Autumn Almanac, Friday, 18 March 2016 00:59 (eight years ago) link

dylannn how come you're in tokyo now? forgive me if you've already discussed this and i've not kept up.

Autumn Almanac, Friday, 18 March 2016 01:02 (eight years ago) link

thanks aa

yeah as with japanese i don't have any arbitrary goals or foolish time constraints so i am cool with learning chinese for the rest of my life

clouds, Friday, 18 March 2016 01:21 (eight years ago) link

i feel like the chinese language and culture are so deep you could just keep learning new things forever and that's pretty exciting -- maybe 10 years from now i'll be diving into 吴语 ^^

clouds, Friday, 18 March 2016 01:30 (eight years ago) link

yeah it's a bottomless pit of exploration. even if you feel you've exhausted a particular aspect, you can move onto chengyu, trad characters, dialects, new cities/regions, classical writing/calligraphy etc etc etc

Autumn Almanac, Friday, 18 March 2016 01:46 (eight years ago) link

hey aa why are you in taiwan? longterm?
my girlfriend and i moved to tokyo in october. she had a job offer. i tagged along. i'm struggling to learn japanese and it's going extremely slowly.

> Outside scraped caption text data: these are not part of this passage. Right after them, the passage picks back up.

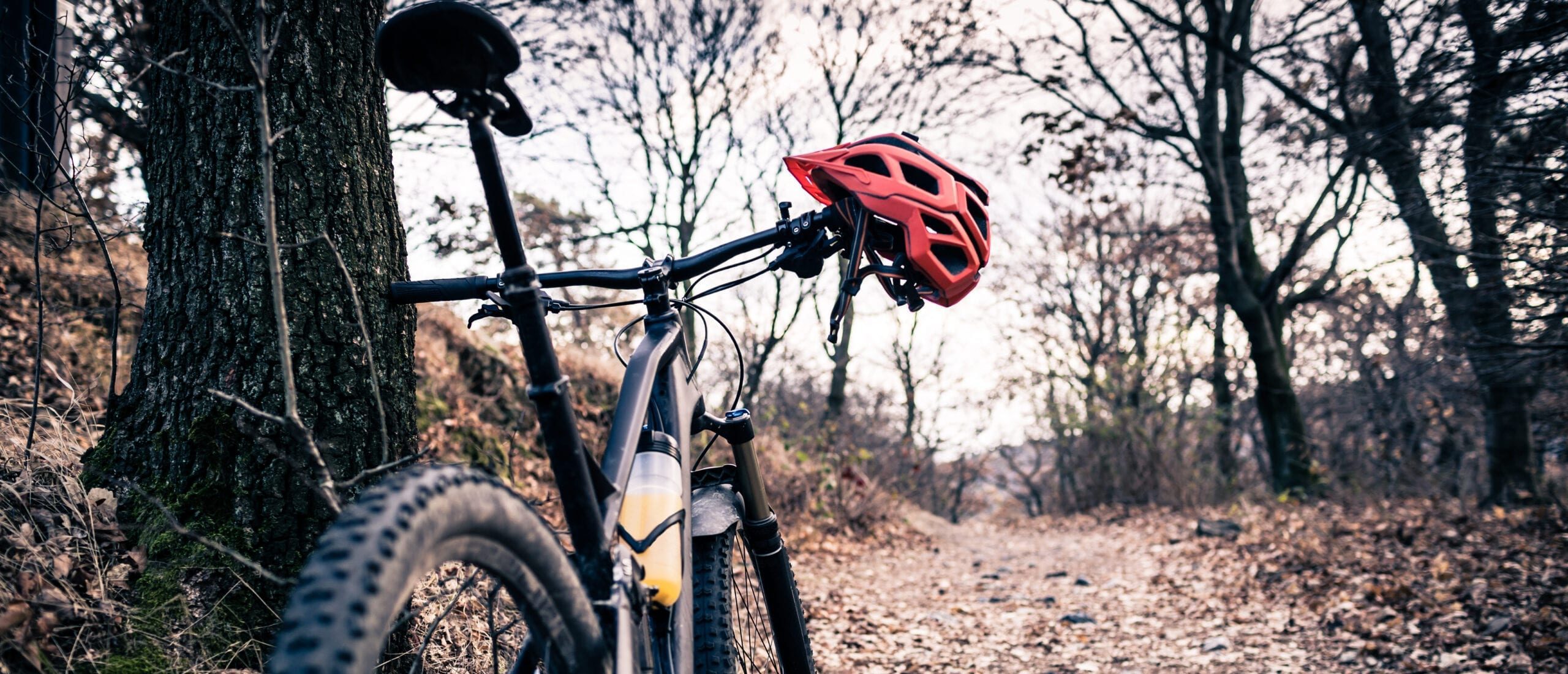 Mountain Biking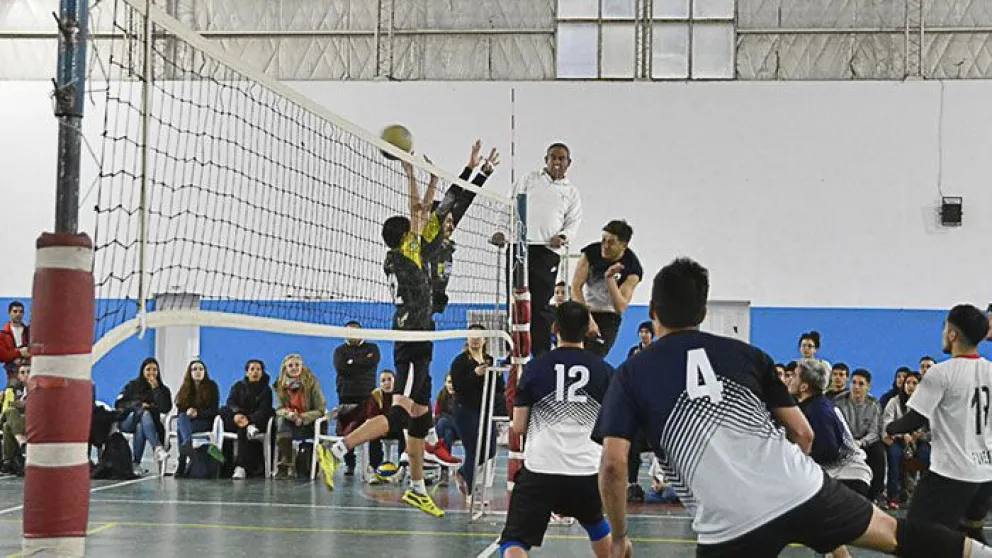 Piletas del Nahuel en varones y Club Cipolletti en mujeres son campeones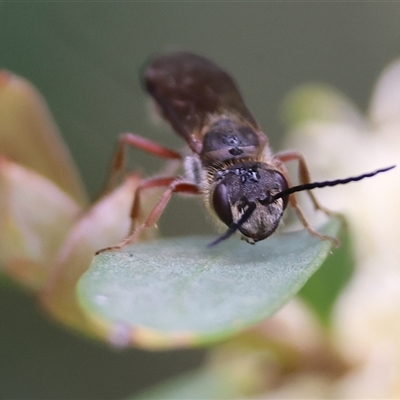 Unverified Flower wasp (Scoliidae or Tiphiidae) at West Wodonga, VIC - 20 Sep 2024 by KylieWaldon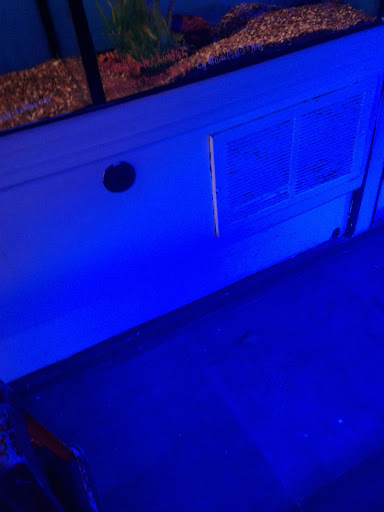 Tropical Fish Store «Scranton Aquarium», reviews and photos, 1819 Sanderson Ave, Scranton, PA 18509, USA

dylannn, Friday, 18 March 2016 09:05 (eight years ago) link

the original plan was to move to guangzhou this year but... combination of not a lot of job opportunities and the only opportunities kinda sketchy with the visa. it was cool to go solo back in the day but bringing along my girlfriend who's never been to china to live there for a few years, i couldn't do it. i took her with me on my last job hunting trip and she was okay with hong kong but i couldn't picture her in guangzhou.

dylannn, Friday, 18 March 2016 09:13 (eight years ago) link

clouds yo if u want to run anything by me or ask anything u can always email me

dylannn, Friday, 18 March 2016 09:16 (eight years ago) link

will do dude, thanks

clouds, Friday, 18 March 2016 15:19 (eight years ago) link

hey aa why are you in taiwan? longterm?

holiday, at least technically. we're both out of a job (she by redundancy + payout, me by quitting a crazy job that was destroying me) so we came here pretty much on a whim.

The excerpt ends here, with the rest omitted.